Tijdschrift voor Yoga Maart 2011

Tijdschrift voor Yoga _ De Doorbraak _ een serie artikelen over yogahoudingen door Lydwina Meerman
Lydwina Meerman,
yogadocente sinds
1990, is opgeleid in hatha en raja yoga.
Lydwina is schrijfster van het boek
YOGA, Beginnen en doorgaan, een
ontwikkelingsboek met 24 yogalessen.
www.lydwinameerman.nl

 

In de rubriek de Doorbraak laat yogadocente Lydwina Meerman
een bevlogen yogacursist of -docent aan het woord over
een āsana die aanvankelijk als lastig werd beschouwd,
maar dankzij de instructies van de docent als licht wordt ervaren.
Een doorbraak in de āsanabeleving.

 

De Doorbraak: de Cobra of Bhujangāsana

Hieronder vertelt Ingrid van der Hoek (55),
sinds zeven jaar een enthousiaste yogacursiste,
over haar doorbraak in de Cobra (Bhujangāsana).

 

Tijdschrift voor Yoga Maart 2011_Artikel De Doorbraak door Lydwina Meerman_over Yogahouding de  Cobra  Bhujangasana 
Foto: Paul van Wijngaarden.   Op de foto: Monique Brouwer

Voor Ingrid was de Cobra altijd een lastige houding,
die haar een pijnlijke onderrug bezorgde.
Ingrid: ‘Mijn docente Lydwina heeft mij geleerd om aandacht
aan de buik te geven bij de ademhaling.
De verruiming bij de inademing werkt door
tot in het onderste deel van de wervelkolom,
waardoor de pijn in de onderrug verdwijnt.
Op aanraden van mijn docente durfde ik het ook aan
om in de uitademing te ontspannen.

Het werkte: mijn buik kwam steeds zwaarder op de grond
te liggen en de pijn in de onderrug verdween.
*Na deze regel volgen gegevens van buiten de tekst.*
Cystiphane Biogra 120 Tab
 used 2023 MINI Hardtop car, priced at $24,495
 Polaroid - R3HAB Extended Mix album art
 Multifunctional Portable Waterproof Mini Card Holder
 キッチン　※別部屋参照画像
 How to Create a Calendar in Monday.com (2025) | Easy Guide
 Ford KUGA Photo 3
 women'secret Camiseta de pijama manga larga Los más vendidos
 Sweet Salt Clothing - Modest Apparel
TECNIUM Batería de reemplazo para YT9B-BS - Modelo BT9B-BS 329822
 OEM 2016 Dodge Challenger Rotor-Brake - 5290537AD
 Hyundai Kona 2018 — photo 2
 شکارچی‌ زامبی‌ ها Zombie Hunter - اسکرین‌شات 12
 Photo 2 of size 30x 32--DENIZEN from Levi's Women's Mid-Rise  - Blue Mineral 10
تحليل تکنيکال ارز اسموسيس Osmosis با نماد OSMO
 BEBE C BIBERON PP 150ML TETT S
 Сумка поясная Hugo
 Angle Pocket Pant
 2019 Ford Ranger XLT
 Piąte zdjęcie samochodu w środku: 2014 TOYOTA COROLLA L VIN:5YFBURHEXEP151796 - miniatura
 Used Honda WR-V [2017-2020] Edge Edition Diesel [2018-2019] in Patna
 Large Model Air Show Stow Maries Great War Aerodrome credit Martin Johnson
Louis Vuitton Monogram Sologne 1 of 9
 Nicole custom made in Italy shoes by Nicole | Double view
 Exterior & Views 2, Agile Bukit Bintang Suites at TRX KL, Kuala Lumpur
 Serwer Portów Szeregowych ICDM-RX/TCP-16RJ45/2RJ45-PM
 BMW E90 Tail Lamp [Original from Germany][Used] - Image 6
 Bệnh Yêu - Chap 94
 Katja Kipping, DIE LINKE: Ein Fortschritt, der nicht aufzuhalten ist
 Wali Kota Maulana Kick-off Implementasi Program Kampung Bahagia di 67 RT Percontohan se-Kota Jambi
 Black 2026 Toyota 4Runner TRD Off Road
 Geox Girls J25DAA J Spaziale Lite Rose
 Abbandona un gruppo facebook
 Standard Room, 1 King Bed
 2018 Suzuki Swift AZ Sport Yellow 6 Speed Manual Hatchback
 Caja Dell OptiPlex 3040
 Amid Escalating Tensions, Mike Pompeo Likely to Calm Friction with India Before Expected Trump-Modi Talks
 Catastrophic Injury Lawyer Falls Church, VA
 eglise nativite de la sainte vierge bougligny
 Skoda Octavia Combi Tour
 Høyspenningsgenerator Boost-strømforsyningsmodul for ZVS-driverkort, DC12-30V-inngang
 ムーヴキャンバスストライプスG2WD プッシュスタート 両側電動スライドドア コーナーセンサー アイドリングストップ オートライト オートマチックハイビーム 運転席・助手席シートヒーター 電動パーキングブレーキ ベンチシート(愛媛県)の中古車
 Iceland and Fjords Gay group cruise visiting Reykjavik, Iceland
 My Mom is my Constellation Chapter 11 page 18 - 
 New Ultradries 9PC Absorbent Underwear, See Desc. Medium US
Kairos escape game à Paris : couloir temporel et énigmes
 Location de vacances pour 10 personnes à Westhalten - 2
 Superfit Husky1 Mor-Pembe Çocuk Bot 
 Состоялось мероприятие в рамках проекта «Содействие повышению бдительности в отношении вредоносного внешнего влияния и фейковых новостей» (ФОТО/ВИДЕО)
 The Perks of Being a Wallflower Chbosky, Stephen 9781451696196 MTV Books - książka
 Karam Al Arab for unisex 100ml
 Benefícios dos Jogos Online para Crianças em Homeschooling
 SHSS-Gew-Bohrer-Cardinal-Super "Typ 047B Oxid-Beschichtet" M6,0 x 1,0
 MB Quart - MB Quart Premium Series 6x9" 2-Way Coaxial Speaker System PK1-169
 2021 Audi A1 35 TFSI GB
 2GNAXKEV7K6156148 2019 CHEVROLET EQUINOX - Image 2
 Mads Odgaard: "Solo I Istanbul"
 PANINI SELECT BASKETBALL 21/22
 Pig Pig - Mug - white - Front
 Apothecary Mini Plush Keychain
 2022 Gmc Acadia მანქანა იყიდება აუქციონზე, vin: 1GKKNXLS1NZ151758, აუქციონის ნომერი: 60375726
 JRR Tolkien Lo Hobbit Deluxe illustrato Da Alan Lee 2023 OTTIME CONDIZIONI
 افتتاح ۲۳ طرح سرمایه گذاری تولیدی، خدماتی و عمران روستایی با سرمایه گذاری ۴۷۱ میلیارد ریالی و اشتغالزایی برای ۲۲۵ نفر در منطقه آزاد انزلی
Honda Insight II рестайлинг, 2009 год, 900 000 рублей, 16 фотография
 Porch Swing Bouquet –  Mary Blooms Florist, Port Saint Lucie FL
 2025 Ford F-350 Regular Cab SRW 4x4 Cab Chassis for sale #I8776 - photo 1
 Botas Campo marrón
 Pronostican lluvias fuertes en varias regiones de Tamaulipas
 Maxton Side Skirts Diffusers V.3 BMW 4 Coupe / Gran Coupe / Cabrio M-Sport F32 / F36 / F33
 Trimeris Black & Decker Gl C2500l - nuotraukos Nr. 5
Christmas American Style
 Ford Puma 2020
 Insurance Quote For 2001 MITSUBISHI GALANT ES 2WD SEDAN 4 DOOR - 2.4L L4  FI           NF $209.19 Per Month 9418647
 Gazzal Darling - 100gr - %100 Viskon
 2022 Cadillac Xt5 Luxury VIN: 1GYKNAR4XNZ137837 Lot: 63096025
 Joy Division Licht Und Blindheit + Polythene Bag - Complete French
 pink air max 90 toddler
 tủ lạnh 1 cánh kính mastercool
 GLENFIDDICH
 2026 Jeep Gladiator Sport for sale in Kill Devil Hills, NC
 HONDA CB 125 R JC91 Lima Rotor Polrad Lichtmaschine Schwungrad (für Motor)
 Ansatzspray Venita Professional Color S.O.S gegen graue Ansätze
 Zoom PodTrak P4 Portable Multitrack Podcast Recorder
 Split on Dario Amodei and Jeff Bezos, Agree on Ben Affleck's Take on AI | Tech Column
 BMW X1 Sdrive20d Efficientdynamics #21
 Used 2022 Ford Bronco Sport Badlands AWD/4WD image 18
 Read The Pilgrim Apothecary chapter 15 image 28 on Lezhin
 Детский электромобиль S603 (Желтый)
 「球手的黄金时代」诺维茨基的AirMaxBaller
Door de buikademhaling komt er evenwicht in de houding.
Het geeft rust in de schouders en de handen.
Je hoeft niet meer zoveel kracht in de schouders te verzamelen
en je steunt minder op de handen.

Bij mij ging de buikademhaling als vanzelf over in
de volledige yoga ademhaling.
Opeens wist ik hoe ik de Cobra moest doen en
had ik het gevoel een eenheid te hebben bereikt.
Dat vind ik eigenlijk bij elke oefening.
Het moment dat je in jezelf eenheid voelt,
overal, dat is zo mooi.’

  

De praktijk

Begin in buikligging met de benen naast elkaar
en met het voorhoofd op de grond.
Leg de handen onder de schouders neer.
Spreid de vingers enigszins en
laat de middelvingers naar voren wijzen.
De ellebogen komen een beetje van de grond
en blijven dicht bij de romp.
 

Laat het bekken en de buik op de grond rusten.
Observeer de verruiming en de ontspanning in
de buik en in de onderrug.

Terwijl je geleidelijk inademt, van de buik door
het middenrifgebied naar de longtoppen,
breng je de romp met het hoofd omhoog en naar achteren.
Je blik gaat schuin omhoog.
de buik blijft in contact met de grond.
Eventueel plaats je de handen iets verder naar voren.
Uitademend ontspan je in de houding, ook in de buik.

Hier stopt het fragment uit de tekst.